Not all academic scientists, however, are as dissatisfied as Schmidt-Rohr in their perceptions of the field’s future. Like a handful of her peers, MIT chemistry professor Mei Hong considers the system a necessary compromise, endorsing what she considers its upsides. Sitting behind the imposing modular desk in her office, Hong commented that the grant-writing process is “very healthy” in moderation, as the devotion of several weeks to one’s research trajectory “forces you to think about the big picture.” Certainly, Hong has found her own success in swimming with the system in this way. A shelf in her office boasts polished plaques, embossed awards, and framed photos of her posing with academic committee members. One floor down from her office and a few turns to the right sits her research group’s lab, a palatial, carefully conditioned 2200-square-foot room. The star of the lab’s show is Hong’s nuclear magnetic resonance (NMR) magnet, which sits in the front corner of the room, resembling an offbeat alien spacecraft. Its off-white cylindrical body is supported by three blue posts, with a mess of wires protruding from underneath. Her magnet, Hong explained, allows her to study the structures and dynamics of biomolecules, with a focus on viral membrane proteins. Its cost, she added, hovered in the high six figures.
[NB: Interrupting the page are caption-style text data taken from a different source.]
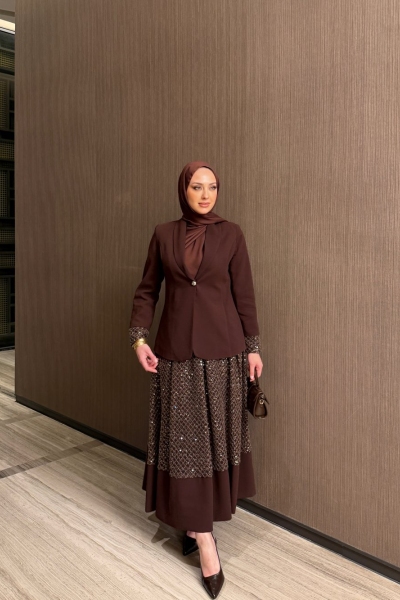 Yasemin Etekli Takım Kahve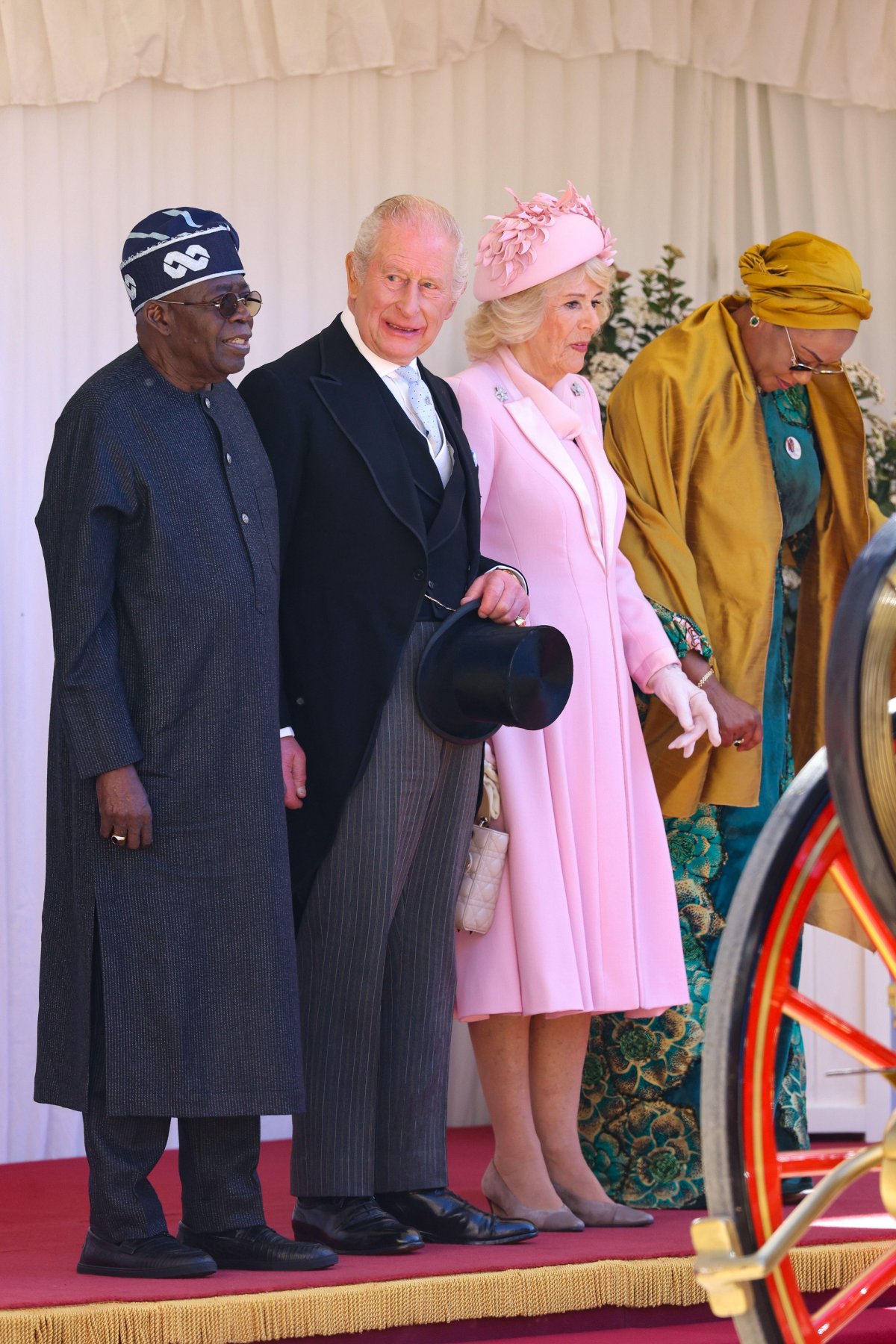 King Charles III and Queen Camilla welcome the President of Nigeria to Windsor for a state visit on March 18, 2026 (Chris Jackson/PA Images/Alamy)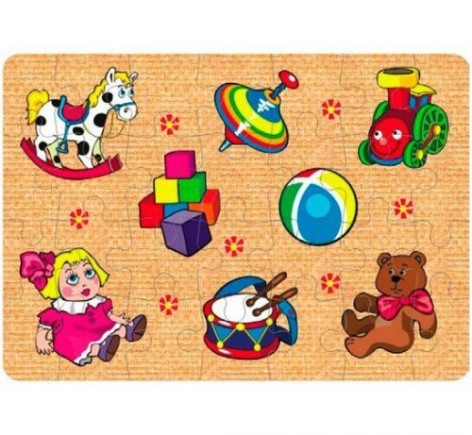 Пазли "Іграшки", 28 елементів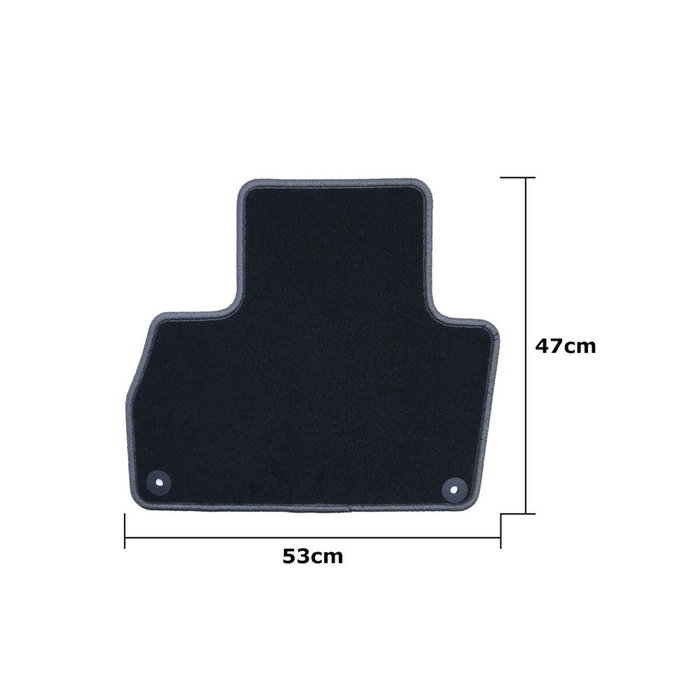 OCC Design Tapis sur mesure Maserati Levante (depuis 2016) 5PZ Rivet Gris foncé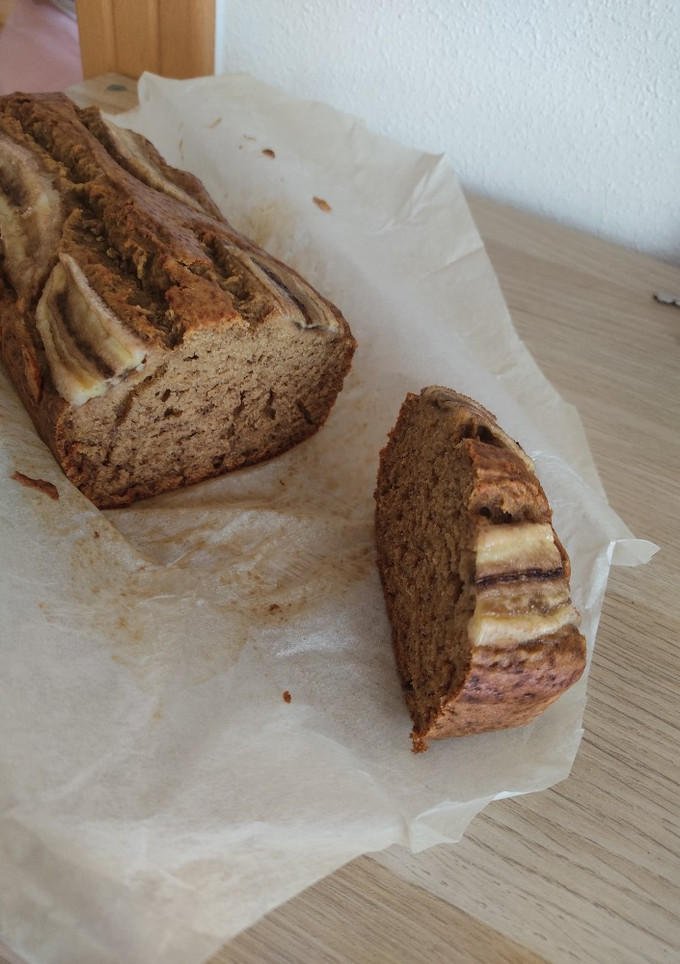 Una foto de Banana bread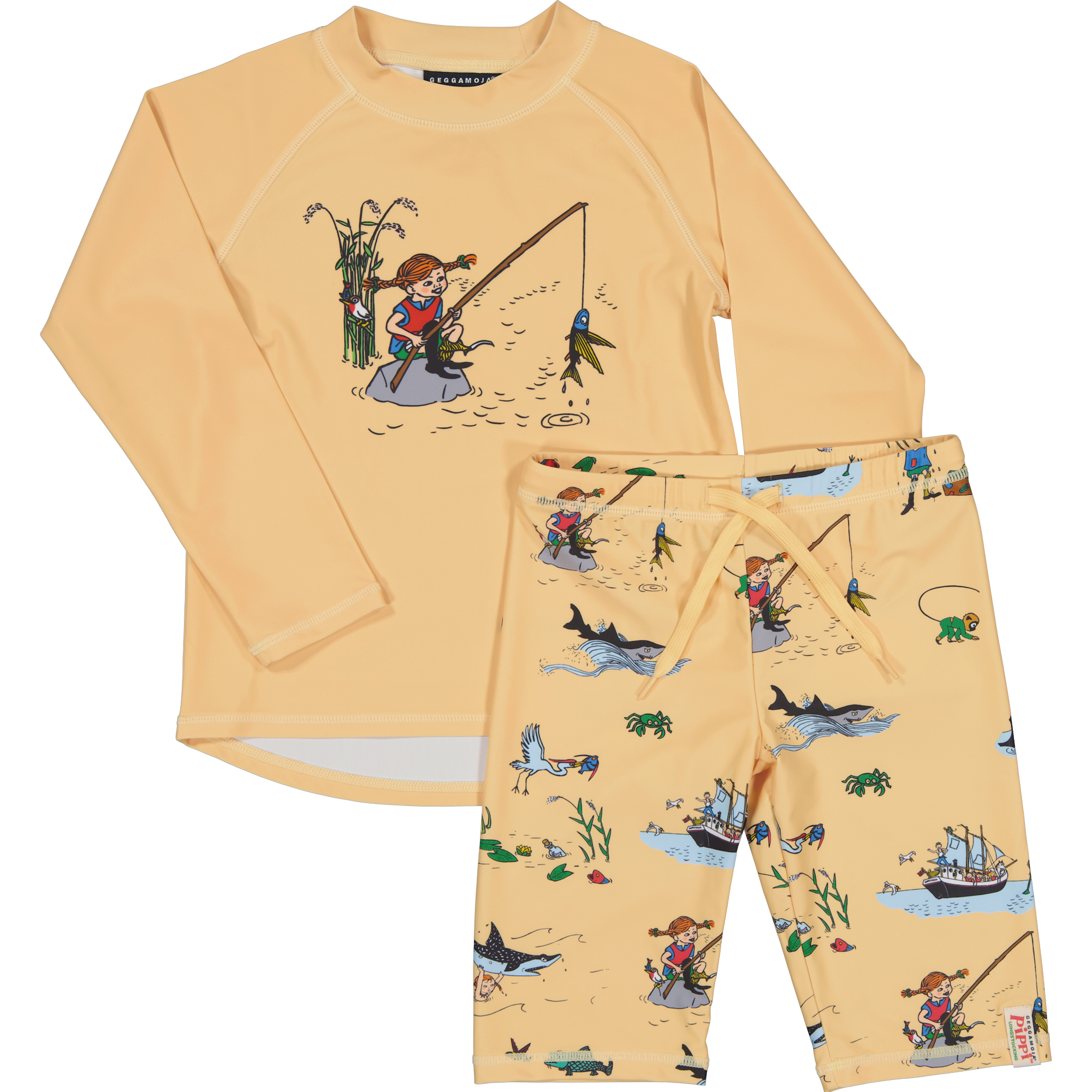 Pippi Långstrump UV-Set Soft yellow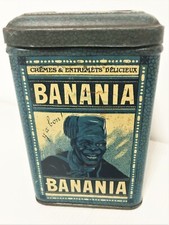 BOITE TÔLE 500gr CHOCOLAT BANANIA BUSTE TIRAILLEUR /ANTILLAISE - Y' A BON - 11Fr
Such awards and equipment, however, belie the true challenges faced by academic scientists, successful ones included. Even Hong—an award-laden adherent to the system with seemingly no shortage of funding—conceded that monetary distribution remains skewed, particularly along the lines of institutional prestige. “You can’t just say, ‘the innovation is going to happen at MIT, Harvard, Stanford, and Caltech, and nobody in the Midwest has good ideas,’” she explained. Given her background as an Iowa State University professor, this matter is of personal interest to her: “If they did that to an extreme, Mei Hong at Iowa State wouldn’t have a chance to do innovative things,” she said. “If the system does not spread the money evenly enough, it will stymie that kind of innovation.” Such criticisms by Hong and others cover quandaries of great breadth, with few immediately apparent answers.
 
Ultimately, many scientists simply find that no unilateral solution to these issues exists, nor specific solutions to each. Change comes incrementally and, initially, at the individual level. For Stubbe, the first and most vital step in sustaining research endeavors sits in researchers’ hands: they must successfully identify complex, interesting research focuses. “The key is, in part, choosing the right problems,” she explained. “I had a lot of people around me who were a lot smarter than me, but they chose a problem that didn’t have any redeeming features.” Perhaps the rarity of Stubbe’s success stems from the rarity of her hierarchy of priorities, which favor scientific passion over easy acceptance of the uninventive.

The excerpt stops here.